Short descriptive text snippets:
***
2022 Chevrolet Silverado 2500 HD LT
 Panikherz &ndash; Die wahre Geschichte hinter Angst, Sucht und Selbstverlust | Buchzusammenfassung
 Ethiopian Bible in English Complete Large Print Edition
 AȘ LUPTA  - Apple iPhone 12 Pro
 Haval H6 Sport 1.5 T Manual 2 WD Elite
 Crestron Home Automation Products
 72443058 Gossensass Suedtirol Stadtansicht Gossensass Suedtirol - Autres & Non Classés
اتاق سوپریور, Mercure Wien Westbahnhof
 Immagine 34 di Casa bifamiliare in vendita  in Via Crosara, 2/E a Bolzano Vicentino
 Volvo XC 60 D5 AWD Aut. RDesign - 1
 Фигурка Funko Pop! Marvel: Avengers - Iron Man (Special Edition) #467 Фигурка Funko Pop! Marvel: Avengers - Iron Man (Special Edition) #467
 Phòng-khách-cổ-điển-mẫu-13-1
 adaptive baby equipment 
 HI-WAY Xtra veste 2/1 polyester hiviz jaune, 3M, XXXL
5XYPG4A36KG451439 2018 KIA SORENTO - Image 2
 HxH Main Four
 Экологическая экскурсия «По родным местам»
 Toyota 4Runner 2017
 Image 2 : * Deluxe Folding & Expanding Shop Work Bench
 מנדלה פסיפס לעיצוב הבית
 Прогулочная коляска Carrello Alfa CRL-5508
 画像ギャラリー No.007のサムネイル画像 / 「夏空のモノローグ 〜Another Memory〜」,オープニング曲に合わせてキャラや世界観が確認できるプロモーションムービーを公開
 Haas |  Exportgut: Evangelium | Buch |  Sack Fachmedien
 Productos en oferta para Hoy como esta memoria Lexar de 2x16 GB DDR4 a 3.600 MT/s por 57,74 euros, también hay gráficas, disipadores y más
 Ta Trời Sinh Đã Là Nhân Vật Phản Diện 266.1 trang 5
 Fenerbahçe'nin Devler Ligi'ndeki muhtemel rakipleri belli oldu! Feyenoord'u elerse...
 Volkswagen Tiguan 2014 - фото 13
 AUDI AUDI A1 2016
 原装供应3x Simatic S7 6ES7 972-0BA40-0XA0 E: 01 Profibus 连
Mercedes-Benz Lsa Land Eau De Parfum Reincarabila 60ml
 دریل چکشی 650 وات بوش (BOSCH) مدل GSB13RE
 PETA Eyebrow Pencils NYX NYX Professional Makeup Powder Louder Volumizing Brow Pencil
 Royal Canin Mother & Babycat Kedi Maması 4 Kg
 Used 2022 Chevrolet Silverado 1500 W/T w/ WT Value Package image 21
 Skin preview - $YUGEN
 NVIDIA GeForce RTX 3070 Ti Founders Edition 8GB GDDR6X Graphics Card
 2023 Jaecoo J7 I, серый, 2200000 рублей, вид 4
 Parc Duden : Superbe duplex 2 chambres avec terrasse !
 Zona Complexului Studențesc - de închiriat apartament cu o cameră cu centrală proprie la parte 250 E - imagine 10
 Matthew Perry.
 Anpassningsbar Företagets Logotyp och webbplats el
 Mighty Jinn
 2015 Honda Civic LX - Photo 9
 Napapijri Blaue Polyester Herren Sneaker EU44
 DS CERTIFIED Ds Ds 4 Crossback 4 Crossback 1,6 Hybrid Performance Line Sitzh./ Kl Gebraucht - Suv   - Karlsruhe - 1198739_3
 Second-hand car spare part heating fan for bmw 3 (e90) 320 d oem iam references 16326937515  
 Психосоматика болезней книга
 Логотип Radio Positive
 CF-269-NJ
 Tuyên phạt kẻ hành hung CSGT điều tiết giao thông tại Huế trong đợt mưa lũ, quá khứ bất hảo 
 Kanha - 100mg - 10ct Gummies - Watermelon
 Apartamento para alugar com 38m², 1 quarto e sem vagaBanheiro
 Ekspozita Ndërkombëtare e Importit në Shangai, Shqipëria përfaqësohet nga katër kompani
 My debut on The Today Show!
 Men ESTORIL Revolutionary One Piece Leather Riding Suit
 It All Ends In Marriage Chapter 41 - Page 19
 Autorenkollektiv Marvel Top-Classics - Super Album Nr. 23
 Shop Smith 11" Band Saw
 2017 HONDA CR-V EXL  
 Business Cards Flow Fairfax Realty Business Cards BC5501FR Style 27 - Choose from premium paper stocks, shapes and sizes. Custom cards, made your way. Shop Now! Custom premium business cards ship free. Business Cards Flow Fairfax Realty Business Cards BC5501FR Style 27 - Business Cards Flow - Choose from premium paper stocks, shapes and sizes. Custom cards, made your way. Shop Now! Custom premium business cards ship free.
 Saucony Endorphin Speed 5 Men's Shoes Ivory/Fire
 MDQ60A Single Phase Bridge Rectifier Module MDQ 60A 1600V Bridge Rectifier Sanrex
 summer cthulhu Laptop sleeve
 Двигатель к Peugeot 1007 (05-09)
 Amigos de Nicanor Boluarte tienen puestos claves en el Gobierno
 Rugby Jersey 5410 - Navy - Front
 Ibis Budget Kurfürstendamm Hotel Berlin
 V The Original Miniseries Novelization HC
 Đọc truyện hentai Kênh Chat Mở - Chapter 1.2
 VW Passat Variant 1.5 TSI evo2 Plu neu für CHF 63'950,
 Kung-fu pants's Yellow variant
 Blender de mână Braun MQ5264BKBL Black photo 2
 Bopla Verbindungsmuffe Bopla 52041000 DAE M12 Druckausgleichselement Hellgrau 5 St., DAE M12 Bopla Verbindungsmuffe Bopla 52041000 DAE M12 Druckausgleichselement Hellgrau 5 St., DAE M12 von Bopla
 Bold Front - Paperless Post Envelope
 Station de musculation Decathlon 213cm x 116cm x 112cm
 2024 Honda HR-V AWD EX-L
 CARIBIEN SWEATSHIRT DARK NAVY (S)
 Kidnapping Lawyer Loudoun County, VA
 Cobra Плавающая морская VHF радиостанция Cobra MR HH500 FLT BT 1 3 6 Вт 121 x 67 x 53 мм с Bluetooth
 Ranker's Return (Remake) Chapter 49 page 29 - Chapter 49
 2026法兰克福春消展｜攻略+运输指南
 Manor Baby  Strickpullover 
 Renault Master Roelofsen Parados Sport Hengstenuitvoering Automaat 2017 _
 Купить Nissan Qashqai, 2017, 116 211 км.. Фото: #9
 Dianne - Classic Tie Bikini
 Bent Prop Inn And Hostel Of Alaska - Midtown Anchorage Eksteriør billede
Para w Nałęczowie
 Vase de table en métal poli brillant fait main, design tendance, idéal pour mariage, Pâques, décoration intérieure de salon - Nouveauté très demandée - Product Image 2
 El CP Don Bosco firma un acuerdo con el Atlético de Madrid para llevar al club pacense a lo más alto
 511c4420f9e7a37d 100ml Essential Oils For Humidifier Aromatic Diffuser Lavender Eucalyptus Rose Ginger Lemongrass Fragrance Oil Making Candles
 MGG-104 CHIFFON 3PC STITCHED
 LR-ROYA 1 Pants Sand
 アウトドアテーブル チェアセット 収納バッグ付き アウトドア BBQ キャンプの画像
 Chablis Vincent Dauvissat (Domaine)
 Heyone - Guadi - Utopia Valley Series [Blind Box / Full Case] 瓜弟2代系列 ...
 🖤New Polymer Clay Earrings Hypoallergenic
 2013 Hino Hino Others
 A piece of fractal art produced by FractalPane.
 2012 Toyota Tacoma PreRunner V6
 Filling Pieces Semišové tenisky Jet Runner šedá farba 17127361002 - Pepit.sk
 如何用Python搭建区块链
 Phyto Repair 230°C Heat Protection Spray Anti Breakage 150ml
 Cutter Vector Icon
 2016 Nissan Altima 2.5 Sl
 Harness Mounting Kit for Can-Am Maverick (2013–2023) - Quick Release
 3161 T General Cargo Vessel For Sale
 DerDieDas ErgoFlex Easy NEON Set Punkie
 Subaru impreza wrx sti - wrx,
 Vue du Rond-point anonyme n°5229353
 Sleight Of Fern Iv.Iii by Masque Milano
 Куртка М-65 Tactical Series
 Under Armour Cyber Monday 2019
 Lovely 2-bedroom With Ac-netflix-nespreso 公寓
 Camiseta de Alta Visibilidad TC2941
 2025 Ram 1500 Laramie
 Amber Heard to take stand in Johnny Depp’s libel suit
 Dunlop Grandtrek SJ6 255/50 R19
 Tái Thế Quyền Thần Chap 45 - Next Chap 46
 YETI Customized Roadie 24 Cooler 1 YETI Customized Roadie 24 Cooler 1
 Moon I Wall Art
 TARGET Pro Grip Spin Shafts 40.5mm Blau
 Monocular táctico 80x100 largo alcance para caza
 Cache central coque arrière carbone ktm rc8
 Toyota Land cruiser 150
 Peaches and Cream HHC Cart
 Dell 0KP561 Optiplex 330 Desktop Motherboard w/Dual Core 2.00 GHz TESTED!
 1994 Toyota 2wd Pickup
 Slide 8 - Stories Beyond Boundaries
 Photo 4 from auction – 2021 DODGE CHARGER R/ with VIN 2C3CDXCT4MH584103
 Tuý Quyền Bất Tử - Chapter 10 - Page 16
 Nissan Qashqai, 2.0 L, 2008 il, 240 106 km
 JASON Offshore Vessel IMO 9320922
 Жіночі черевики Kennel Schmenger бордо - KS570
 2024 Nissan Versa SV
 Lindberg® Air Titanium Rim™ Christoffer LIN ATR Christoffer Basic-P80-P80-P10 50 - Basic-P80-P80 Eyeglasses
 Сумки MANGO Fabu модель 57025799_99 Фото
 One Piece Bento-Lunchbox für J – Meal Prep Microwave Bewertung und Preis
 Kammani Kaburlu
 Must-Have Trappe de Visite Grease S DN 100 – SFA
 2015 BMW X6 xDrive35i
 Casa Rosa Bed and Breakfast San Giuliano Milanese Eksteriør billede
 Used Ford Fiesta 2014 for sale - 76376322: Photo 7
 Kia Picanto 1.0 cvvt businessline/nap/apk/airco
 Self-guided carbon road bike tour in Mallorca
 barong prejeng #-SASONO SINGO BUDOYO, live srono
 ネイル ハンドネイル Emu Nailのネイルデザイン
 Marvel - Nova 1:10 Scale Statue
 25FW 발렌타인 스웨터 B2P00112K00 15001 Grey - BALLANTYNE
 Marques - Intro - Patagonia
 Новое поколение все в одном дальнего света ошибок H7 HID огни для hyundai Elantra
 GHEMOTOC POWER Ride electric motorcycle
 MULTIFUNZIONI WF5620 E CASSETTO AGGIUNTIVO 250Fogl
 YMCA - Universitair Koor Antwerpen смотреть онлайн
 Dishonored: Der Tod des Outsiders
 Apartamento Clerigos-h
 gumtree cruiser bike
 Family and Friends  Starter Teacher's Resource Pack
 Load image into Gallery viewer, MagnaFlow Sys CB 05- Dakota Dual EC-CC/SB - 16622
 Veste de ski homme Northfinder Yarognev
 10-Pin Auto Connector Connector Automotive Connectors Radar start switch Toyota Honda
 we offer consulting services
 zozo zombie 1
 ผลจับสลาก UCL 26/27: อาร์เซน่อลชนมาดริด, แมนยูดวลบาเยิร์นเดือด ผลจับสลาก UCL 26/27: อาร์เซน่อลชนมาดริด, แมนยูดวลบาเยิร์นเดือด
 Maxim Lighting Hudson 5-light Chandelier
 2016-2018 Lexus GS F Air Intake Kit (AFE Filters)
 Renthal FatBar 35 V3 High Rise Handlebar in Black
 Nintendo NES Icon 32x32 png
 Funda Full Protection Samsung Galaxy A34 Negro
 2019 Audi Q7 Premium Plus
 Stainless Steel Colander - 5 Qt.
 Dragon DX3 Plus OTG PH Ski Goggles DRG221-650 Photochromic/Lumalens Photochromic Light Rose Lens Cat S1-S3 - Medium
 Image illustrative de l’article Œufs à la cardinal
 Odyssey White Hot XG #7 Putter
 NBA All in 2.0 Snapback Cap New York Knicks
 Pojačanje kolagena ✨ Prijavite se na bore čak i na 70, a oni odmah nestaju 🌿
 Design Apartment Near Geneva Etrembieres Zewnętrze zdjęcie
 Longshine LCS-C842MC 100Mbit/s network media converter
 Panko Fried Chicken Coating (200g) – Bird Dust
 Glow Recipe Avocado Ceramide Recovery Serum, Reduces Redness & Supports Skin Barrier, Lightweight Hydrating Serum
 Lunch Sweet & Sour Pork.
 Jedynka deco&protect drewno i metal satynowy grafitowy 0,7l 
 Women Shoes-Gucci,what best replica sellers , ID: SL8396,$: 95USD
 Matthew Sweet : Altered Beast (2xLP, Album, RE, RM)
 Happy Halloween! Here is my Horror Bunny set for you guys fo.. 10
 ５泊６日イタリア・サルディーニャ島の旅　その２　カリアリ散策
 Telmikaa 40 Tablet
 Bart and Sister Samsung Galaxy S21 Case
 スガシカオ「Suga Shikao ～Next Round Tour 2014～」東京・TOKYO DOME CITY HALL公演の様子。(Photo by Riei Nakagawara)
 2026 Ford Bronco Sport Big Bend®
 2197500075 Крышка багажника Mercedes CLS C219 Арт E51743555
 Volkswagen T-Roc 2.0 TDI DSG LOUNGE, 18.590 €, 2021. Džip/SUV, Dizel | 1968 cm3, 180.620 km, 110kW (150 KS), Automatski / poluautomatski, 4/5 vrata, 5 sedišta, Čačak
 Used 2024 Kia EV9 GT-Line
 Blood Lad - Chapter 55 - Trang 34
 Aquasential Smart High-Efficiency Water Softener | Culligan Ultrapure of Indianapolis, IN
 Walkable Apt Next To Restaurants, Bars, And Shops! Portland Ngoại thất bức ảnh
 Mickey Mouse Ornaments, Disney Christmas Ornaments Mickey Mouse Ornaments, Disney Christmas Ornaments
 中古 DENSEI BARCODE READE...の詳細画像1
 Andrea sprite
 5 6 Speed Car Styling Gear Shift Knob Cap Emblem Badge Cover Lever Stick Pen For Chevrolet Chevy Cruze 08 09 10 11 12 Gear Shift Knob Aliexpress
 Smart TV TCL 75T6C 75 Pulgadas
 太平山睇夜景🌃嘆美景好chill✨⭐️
***
ABOUT THIS EXERCISE:
Would you please return all lines of the data that include the word "Chevrolet"?

ANSWER TO THE EXERCISE:
2022 Chevrolet Silverado 2500 HD LT
 Used 2022 Chevrolet Silverado 1500 W/T w/ WT Value Package image 21
 5 6 Speed Car Styling Gear Shift Knob Cap Emblem Badge Cover Lever Stick Pen For Chevrolet Chevy Cruze 08 09 10 11 12 Gear Shift Knob Aliexpress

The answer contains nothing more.